By Rep. Paul Evans, veteran and lawmaker
100 years ago today, the US emerged from the Great War as a major power.
At that moment, we could have perhaps, prevented the global economic depression that would come in the 1920s — and the global war (WWII) that followed — had we not allowed domestic partisan political squabbling to thwart our participation in the League of Nations (formed in the shadow of The Great War).
Though we often overlook the significance of WWI, it framed the entirety of the 20th Century: it taught young Americans lessons that forged the future.
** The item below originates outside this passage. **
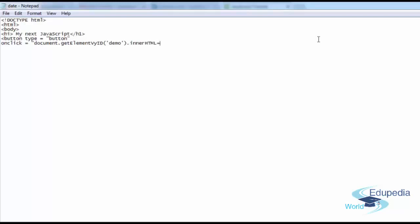Let's define, just hang in there, dot innerHTML. That is also a file name. It's in the library. We're going to discuss libraries later. What do libraries do? These are pre-made programs. You do not have to reinvent the wheel because of these pre-made programs. Click me to display date and time. Close the button tag.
Too often we forget these lessons, but we are duty-bound to hold them close.
WWI was an industrialized war on a massive scale; it created a “war market” economy that perpetuated stalemated conflict that devastated Europe; it sent millions of US troops, of all races and creeds, to Europe to see a world beyond ours; it strengthened alliances, and reshaped the Middle East; it was the first time our country saw the impact of our economic, military, and political might — and it scared us.
We must not allow history to repeat, not this time. We must not allow the egos of a few to set us upon the wrong course. We must not allow our internal domestic politics to justify the unjustifiable, we must not retreat from our shared responsibilities in securing a global framework of international alliances, networks, and partnerships.
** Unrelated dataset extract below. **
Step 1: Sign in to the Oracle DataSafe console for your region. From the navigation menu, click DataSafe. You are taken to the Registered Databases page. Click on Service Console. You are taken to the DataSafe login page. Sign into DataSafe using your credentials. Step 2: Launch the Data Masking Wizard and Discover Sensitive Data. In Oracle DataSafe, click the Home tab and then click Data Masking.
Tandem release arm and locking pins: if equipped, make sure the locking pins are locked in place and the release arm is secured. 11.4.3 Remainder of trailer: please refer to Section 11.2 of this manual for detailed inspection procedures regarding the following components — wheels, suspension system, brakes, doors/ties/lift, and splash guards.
The price in blood and treasure is far to dear to allow ourselves to pull back from the ramparts — we built the interdependence between ourselves and European powers purposefully: to make peace economically, as well as morally, the rational choice. We must not allow historical revisionism (or willful ignorance) to win.
The world is struggling today: we shall either sustain a world built upon international democratic institutions, or the totalitarians shall return — there is no other alternative, and this Veterans Day it is incumbent upon us all to reflect, remember, and resolve.
Reflect upon the price of our freedoms, the promise of our ideals, as well as the value of our liberties;
Remember the loved, the lost, the wounded, the families and communities who love them still, and the necessity of keeping faith with the men and women we send into Harm’s Way on our behalf;
Resolve to fulfill our duty, to fight only when necessary — to fight for what is necessary to prevent the “...worser angels of our nature” from taking us into another global catastrophe.
Today I am grateful for all who served our nation, state, and communities. I am hopeful our nation may rediscover our footing. And I am open-eyed about our emergent circumstances.
We are still a nation at war, but we risk becoming far too comfortable with it — we risk all that we are, all that we should be — when we become numb to the awfulness of war.
Let us celebrate this 100th anniversary, this very special Veterans Day, appropriately: resolved to do what we must, to stand ready to fight when necessary, but to do so with an awakening to the sacrifices required of modern war, and shared awareness of its true price.